Si usted habla español

11 Jan

Here are the signs that were posted at playgrounds in Milford, Delaware:

original

If, like me, you don’t read Spanish, you might just presume that the Spanish language sign is a translation of the English language sign. But according to David Edwards at The Raw Story… it says something a little different: “You must have a permit to play in this field. Violators will be subject to police action” (http://www.rawstory.com/rs/2013/01/07/racist-sign-threatening-spanish-speakers-removed-from-playground-in-delaware/).

After photos of the signs went viral, the city of Milford took down the signs, and the schools superintendent Phyllis Kohel, who physically removed a couple of signs herself, claimed they must have been posted in “error.”

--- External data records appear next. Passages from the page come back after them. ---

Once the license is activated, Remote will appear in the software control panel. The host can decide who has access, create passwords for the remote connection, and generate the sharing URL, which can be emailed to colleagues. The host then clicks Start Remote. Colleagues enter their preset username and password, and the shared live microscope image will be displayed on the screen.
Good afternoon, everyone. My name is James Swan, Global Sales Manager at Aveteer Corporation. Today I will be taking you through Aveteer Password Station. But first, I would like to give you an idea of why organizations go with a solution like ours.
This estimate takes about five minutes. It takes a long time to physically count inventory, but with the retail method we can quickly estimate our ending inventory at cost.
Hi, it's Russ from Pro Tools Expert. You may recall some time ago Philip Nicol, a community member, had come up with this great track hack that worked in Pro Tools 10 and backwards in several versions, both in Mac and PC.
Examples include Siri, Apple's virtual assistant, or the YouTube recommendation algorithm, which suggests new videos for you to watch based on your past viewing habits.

That’s some error. While Kohel “certainly assume[s] there was not an intent to discriminate,” I can’t help but agree with blogger Delaware Dem, who described it as “an obvious intimidation tactic and a not so subtle ‘Whites Only’ sign” (http://www.huffingtonpost.com/2013/01/07/racist-playground-sign-delaware-anti-latino-sign_n_2427133.html?utm_medium=referral&utm_source=pulsenews). Intentional or not, the Spanish-language sign was (1) intimidating and (2) just another version of “Whites Only.” What I’d like to hear from Kohel is less on debatable intention, and more acknowledgment of impact.

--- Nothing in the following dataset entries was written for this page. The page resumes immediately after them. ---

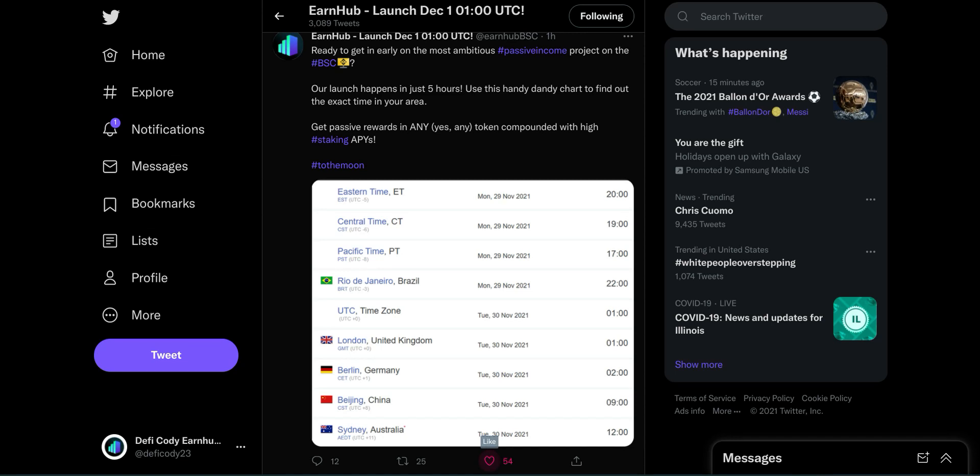Hey guys, this is DeFi Cody coming back at you with another one. Today I wanted to just do a quick video because we got a lot of things happening in the next 48 hours with Earnhub.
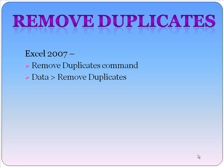OK, so we removed duplicates using the new feature in Excel 2007, and all we had to do was go to the data ribbon and then select Remove Duplicates from the tab. So pretty easy. Definitely a nice new feature.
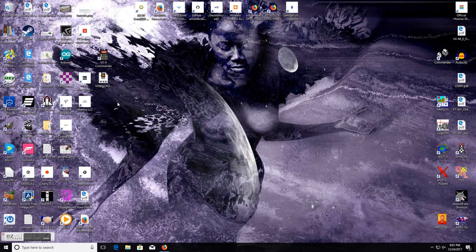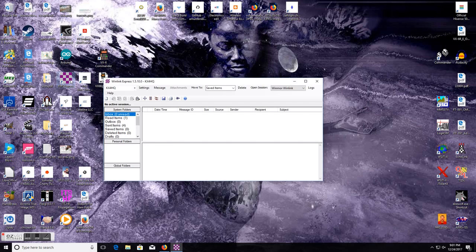Hey guys, I want to show you something called WinLink. Now this is WinLink Express — it says RMS Express, but it's WinLink Express.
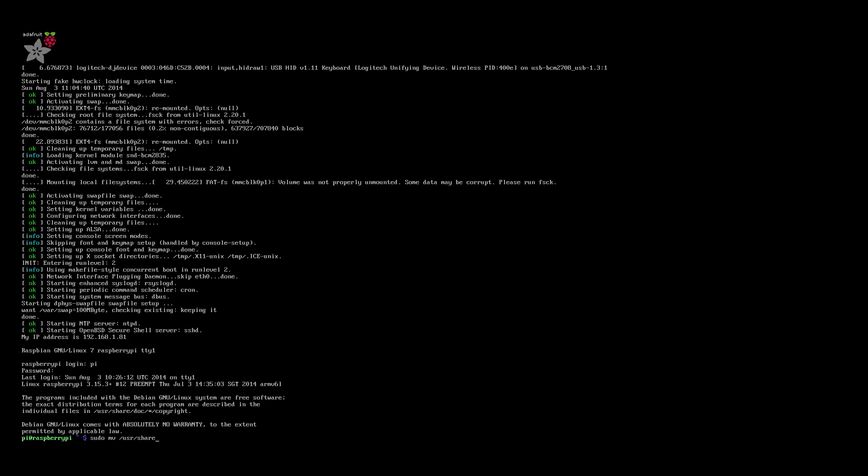First time round, I ignored this and it didn't work. So type sudo mv /usr/share/x11/xorg.conf.d/99-fbturbo.conf and then a tilde or squiggly at the end.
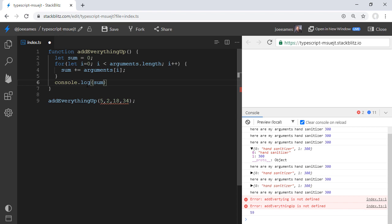But it is, again, a little bit unwieldy. For example, this would be a lot easier to do with a reduce call, but the arguments object is actually an array-like object. It's not actually an array. It's just an object that has a length property and can be iterated over, but it's not actually an array.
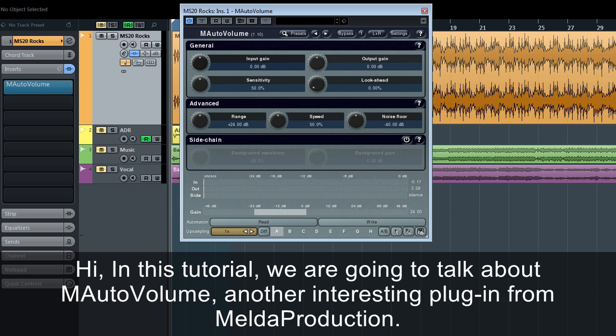Hi, in this tutorial we're going to talk about M-Auto Volume, another interesting plug-in from Melda Production.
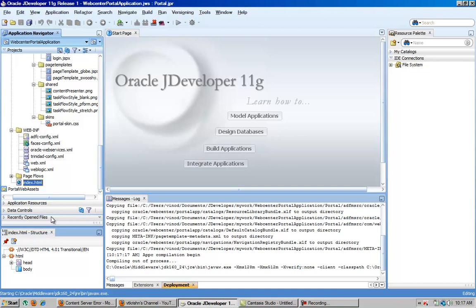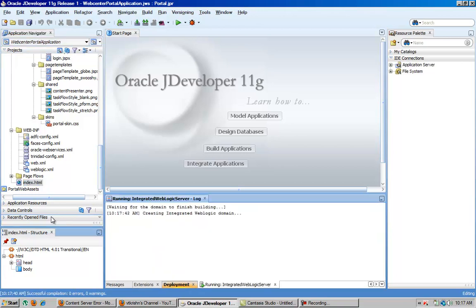So this is the Portal application. When you are starting a new jDeveloper it will start with creating an integrated WebLogic domain.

And here, I’d like to point out an interesting facet of this story: the existence of the signs went viral after conservative radio host Dan Gaffney posted it on Facebook. That’s right: Gaffney is a conservative.

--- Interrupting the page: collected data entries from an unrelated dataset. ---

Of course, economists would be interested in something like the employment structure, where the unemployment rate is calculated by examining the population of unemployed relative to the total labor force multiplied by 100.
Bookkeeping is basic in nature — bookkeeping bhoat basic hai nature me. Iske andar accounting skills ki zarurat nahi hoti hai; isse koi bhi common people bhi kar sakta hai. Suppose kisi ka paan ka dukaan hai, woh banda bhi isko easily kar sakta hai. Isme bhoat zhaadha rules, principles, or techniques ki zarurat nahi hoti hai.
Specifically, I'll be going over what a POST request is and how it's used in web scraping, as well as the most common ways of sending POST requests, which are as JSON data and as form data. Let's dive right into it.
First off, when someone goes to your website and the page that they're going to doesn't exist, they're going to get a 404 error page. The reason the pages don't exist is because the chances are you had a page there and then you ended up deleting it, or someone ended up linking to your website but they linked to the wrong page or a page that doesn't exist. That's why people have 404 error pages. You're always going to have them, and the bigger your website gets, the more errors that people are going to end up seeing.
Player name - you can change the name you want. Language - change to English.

Quick self-check: does that challenge any bias or assumption you have about political affiliation and antiracist activism? I’ll admit: it does mine. I have a tendency to associate political conservatism with social conservatism (to put it politely) and even bigotry (to put it bluntly).

But as a recent NPR Talk of the Nation discussion “After ‘Fiscal Cliff’ Debate, The State Of The GOP” reminded me, that’s just another stereotype. Guest commentator Republican Representative Steve LaTourette cited party extremists (and our attention to them) as the reason that, as a listener put it, “there’s a negative stigma that associates Republicans with social conservatism,” when “by and large most Tea Party people [for example] are just interested in paying fewer taxes and balancing the budget” (http://www.npr.org/2013/01/09/168967267/nprs-political-junkie-ken-rudin-recaps-the-week-in-politics).

Here, I’ll offer another mea culpa: I’ve allowed my education about the Tea Party to be dictated predominantly by news headlines about outrageous things Tea Party members say, which, when I think about it, is utterly irresponsible. Did I expect to read coverage of the fair and reasonable things the Tea Party stands for? Of course not.

What I owe the Tea Party and myself is more intentional and active challenging of the stereotypes that conveniently reaffirm the way I’ve become comfortable seeing the world. Because, actually, I like the world in which I see fuller, more complex Tea, Libertarian, Republican, Green and Democratic Parties.

** Thanks to my friend EB for the article.